I walked into a world where political dissent wasn’t just frowned upon but unheard of. Most of the Chinese individuals I spoke to expressed a real trust in the government, in stark contrast to American skepticism. Most believed the Party had enacted laws that benefited the people. Citizens explained away every inconvenience as necessary for security. Every omission was for the betterment of the nation.
I met a woman who didn’t learn about the Tiananmen Square Massacre until she was 21, while visiting Hong Kong. I asked her how she thought the general population would feel about this information.
She said, “I don’t think they give a fuck. They grew up hearing stories about their parents and grandparents starving, and now they are not.” Why would they question a government that brought them back from the brink?
Additionally, the collectivist nature of Chinese society puts social pressure on its members to consider the impact their actions would have on their parents and their community. What would be the benefit of open dissent? Why make noise and cause problems, social and legal, for their family? Life was good enough; what is the point of rocking the boat?
There is a fundamental truth in this mentality. As alarmed as I was, I see the logic in the argument. There are different methods of social control.
Stating your opinion is your right as an American citizen. But our individualist culture places such an emphasis on personal choice that it disintegrates community. In the US, people change their profile pictures to reflect their political opinions. They start arguments at Thanksgiving, but that hasn’t stopped the current administration from targeting oil vessels off the coast of Venezuela.
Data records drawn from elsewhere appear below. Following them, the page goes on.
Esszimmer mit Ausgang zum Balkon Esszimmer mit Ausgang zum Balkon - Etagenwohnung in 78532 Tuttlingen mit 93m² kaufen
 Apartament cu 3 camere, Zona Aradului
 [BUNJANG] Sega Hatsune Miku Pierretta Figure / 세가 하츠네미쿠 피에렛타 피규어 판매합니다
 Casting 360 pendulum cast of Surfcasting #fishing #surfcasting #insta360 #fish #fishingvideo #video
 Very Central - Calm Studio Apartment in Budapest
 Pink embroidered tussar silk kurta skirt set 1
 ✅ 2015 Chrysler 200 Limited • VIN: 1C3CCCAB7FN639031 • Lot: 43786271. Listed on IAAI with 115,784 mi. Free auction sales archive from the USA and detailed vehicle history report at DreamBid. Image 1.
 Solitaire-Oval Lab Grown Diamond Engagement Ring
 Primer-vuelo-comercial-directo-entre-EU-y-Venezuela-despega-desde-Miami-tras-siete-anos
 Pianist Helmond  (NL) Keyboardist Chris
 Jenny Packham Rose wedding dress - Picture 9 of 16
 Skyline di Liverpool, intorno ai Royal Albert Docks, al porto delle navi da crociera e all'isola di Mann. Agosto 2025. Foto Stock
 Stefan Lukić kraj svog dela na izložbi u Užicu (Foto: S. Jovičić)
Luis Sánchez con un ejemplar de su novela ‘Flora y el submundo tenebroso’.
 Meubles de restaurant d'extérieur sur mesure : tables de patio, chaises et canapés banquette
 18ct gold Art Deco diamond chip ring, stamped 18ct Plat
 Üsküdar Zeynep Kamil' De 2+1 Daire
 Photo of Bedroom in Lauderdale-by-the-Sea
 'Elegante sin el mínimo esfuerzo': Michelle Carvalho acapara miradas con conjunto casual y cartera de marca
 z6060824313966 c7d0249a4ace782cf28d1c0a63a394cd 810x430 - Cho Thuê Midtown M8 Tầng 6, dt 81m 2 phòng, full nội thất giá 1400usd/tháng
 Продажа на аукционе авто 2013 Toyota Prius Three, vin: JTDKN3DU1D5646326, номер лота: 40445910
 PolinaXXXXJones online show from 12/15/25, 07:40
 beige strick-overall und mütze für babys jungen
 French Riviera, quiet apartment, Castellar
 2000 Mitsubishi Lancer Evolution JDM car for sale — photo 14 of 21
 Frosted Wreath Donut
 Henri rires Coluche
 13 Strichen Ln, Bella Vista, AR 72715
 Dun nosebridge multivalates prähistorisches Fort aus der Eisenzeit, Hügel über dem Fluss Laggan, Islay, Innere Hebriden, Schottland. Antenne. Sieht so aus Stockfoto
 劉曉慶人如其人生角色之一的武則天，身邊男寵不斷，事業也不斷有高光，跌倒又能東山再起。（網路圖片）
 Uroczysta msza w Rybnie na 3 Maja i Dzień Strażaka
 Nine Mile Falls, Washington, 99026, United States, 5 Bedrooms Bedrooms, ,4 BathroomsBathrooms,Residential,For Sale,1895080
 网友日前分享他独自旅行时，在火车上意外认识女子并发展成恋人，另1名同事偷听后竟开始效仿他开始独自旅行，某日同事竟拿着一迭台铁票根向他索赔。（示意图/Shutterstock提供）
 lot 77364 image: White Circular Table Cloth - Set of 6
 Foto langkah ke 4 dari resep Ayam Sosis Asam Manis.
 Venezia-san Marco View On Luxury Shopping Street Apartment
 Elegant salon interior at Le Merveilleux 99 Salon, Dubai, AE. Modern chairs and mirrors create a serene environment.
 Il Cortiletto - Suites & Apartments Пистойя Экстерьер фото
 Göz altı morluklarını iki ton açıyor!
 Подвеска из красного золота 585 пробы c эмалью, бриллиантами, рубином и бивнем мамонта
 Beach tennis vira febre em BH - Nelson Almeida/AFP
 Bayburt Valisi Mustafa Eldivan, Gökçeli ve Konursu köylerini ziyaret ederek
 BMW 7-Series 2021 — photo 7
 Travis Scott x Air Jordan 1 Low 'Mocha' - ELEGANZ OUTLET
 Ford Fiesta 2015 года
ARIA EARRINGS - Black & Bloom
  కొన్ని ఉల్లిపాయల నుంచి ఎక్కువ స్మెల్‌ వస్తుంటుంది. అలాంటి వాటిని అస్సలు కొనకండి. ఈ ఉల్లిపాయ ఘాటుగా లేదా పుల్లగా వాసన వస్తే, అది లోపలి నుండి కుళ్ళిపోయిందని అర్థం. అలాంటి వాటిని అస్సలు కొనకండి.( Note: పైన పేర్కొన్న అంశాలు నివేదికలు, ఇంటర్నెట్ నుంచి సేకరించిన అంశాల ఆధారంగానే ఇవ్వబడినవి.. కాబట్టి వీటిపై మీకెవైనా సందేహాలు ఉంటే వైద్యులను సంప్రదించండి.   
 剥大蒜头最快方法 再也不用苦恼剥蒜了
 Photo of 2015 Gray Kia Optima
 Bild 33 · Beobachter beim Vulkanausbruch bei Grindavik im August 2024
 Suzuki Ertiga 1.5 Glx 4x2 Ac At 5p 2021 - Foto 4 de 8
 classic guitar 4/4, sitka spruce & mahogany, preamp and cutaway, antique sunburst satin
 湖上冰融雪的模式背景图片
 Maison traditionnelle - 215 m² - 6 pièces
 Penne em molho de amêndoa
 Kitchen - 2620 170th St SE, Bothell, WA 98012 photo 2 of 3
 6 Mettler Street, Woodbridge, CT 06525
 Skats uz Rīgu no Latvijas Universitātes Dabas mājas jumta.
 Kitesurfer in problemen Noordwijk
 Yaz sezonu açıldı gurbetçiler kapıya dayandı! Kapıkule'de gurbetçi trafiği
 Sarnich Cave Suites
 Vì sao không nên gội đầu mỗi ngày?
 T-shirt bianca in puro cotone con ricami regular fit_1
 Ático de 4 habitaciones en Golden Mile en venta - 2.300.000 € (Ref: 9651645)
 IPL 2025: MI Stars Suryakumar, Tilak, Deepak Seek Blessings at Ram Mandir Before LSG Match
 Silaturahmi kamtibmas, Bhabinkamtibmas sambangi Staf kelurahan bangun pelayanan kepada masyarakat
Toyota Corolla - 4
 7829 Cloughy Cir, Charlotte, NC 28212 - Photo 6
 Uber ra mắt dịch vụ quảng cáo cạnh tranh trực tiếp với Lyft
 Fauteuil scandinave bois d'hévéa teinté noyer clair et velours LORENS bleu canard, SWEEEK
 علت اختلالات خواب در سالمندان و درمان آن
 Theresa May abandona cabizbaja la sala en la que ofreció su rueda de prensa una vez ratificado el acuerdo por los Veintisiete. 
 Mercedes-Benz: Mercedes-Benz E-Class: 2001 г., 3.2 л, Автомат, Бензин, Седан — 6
The citizens of the US trust the Constitution, as the average Chinese citizen trusts the Party.
Gaining Perspective
I was raised in a fiercely liberal household with a healthy fear of conservative thinking and a hard anti-war stance. A foundational disappointment with US foreign policy led me to think I was different.
I left the nation of my birth, unsure of what to expect. I threw myself into learning and experiencing all while communicating politically with all the confidence of a middle-class liberal. My experiences as an expatriate revealed that acknowledging the flaws of your home nation is not enough. I have evolved my opinions on living in a community.
This nation and its people must move beyond this system and create a parallel one. Not because we need to shift towards collectivism, but because that is the true American tradition––Independence from a government that no longer serves us.